“We`re trying to arrange funds to have it refurbished over the winter,” Mayor Bill Grace said. “It appears we`ll have to take it down.”
|CHUCK HUMEL / CHRONICLE
|Mayor Bill Grace says work will be required over the winter to refurbish the East Falls Riverwalk.|
Grace said he doesn`t know how much the repairs will cost yet, but figures it might be in the $25,000 range. He expects to know more in about a month.
The city completed the $600,000 Riverwalk project in 2003, using grant money to build the platforms, walkways and stairs that form the observation area over the East Falls of the Black River in Cascade Park. The railings were an upgrade from the wooden railings that were planned when the project came in under budget.

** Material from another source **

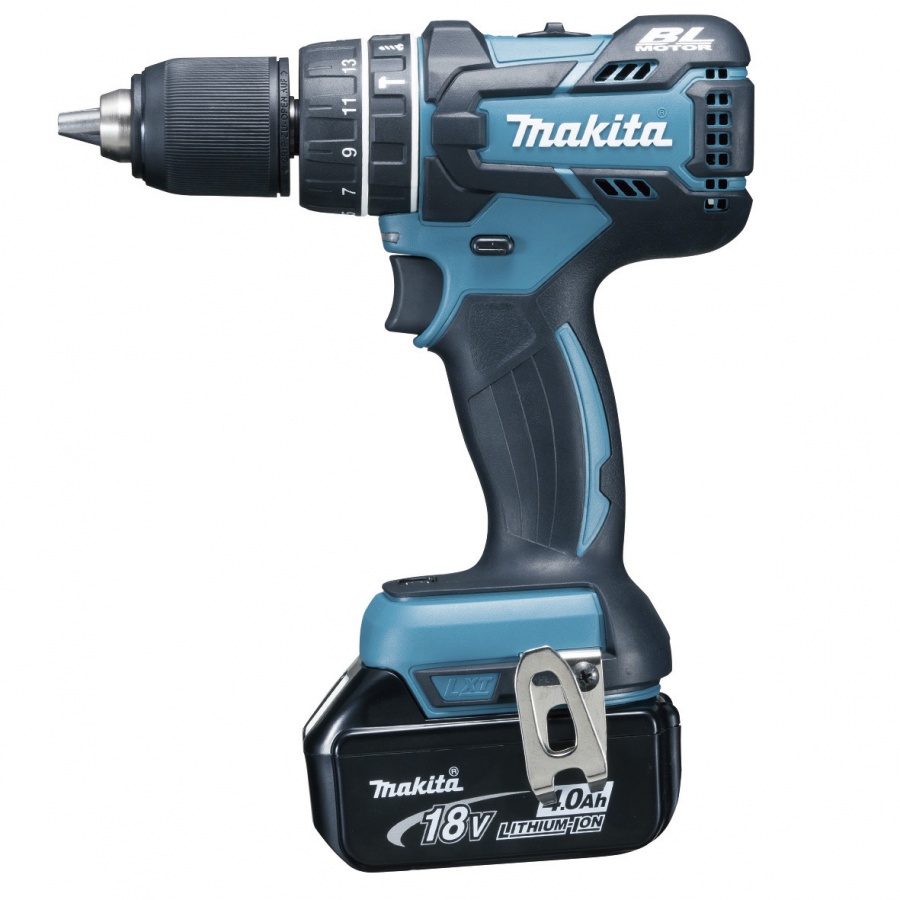 Makita DHP480Z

Councilman Garry Gibbs, R-3rd Ward, said he was surprised to learn that what was supposed to be the crown jewel of the city`s park system is already in need of a major repair job.
“I don`t know if that`s currently a priority we should be spending dollars on,” he said.
Grace said he is looking into whether the contractor who built the guardrail – Lamplight Industries out of Lorain – gave the city a guarantee on the guardrail that could cover the cost of the repairs.
“I`m not sure we got the best workmanship,” he said.
Grace downplayed the problem, saying it would be dealt with over the winter and anything that wasn`t fixed this winter would be handled in the spring. When the railing is taken down, Grace said the city will take the necessary measures to ensure it remains safe, but he wasn`t certain what those would be yet.
“It`s not that big a deal,” he said.
Any outdoor structure is going to need refurbishing, Grace said.
“Things require maintenance,” he said. “We just have to go through the first round of maintenance earlier than we`d thought.”
Grace had high hopes for the project, which he said could eventually include permanent park buildings, a restaurant and other amenities.
But so far, the Riverwalk remains a parking lot behind the Elyria Police Station and the walkway. Not what the mayor promised when he used federal grant money that might have been spent on improvements elsewhere in the city, Gibbs said.
“Was it dollars well-spent? Right now, probably not,” Gibbs said.